→ **Exercise prompt**
Strip out the pictures and output each remaining line of the data word for word.

→ **Data shown**
☆ ☆ ☆ ☆
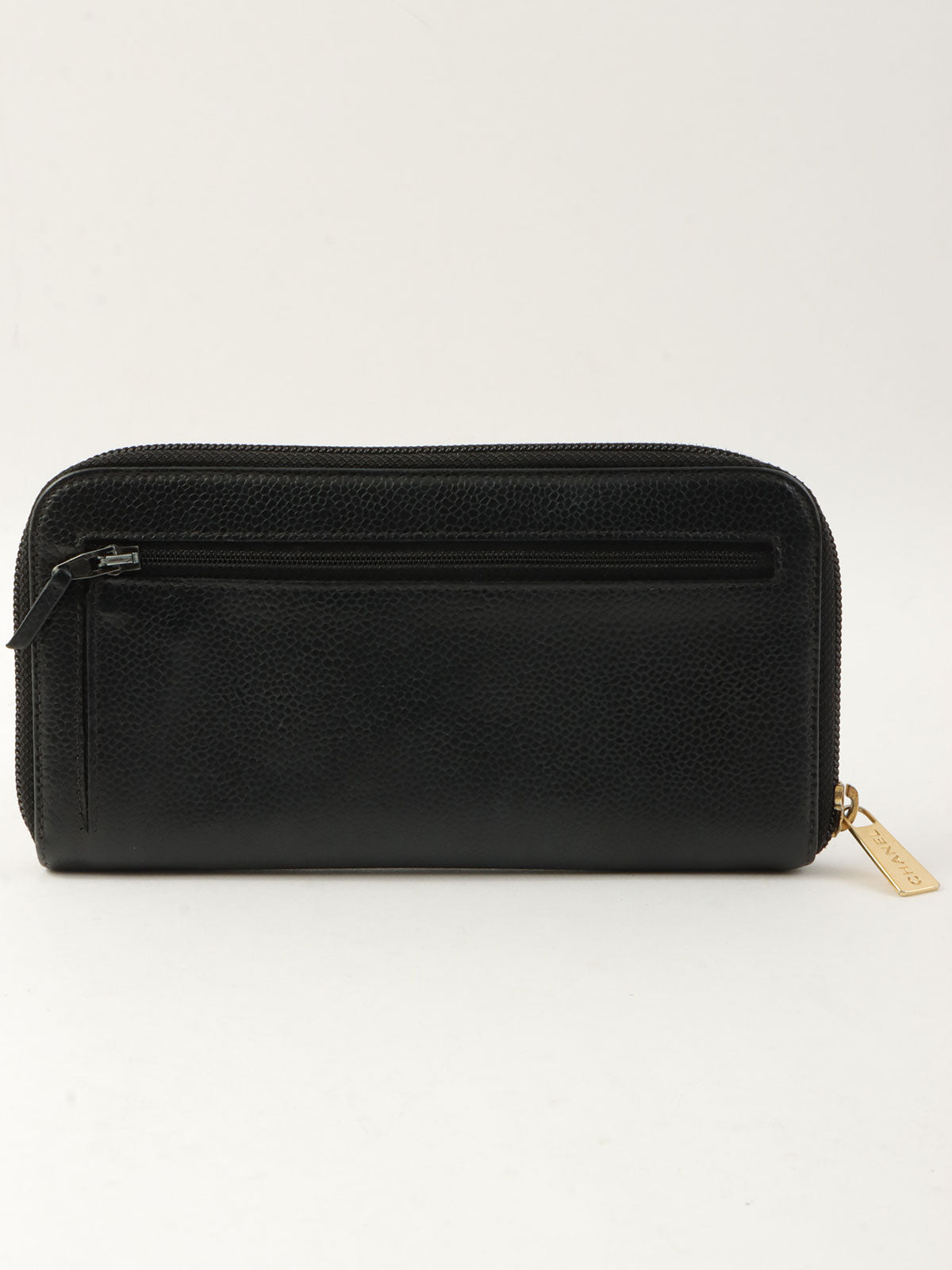 2004 Caviar Skin CC Mark Stitch Long Wallet in Black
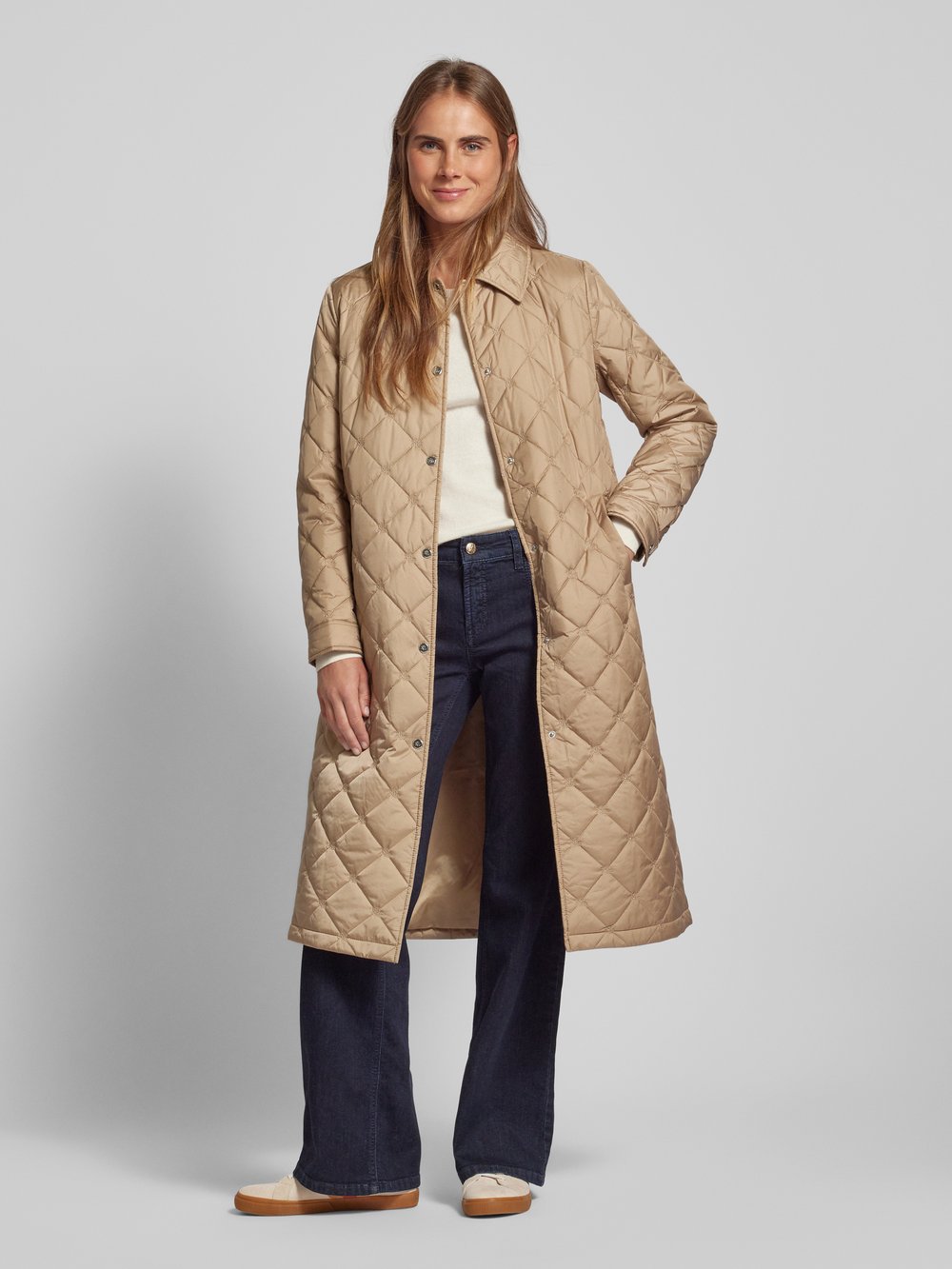 

Стеганое пальто с отложным воротником Lauren Ralph Lauren, бежевый
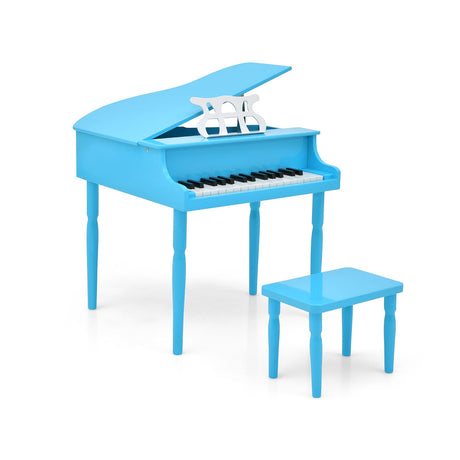 Piano de juguete de madera de 30 teclas para niños con banqueta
☆ ☆ ☆ ☆
→ **Solution for this task**
 2004 Caviar Skin CC Mark Stitch Long Wallet in Black

Стеганое пальто с отложным воротником Lauren Ralph Lauren, бежевый
 Piano de juguete de madera de 30 teclas para niños con banqueta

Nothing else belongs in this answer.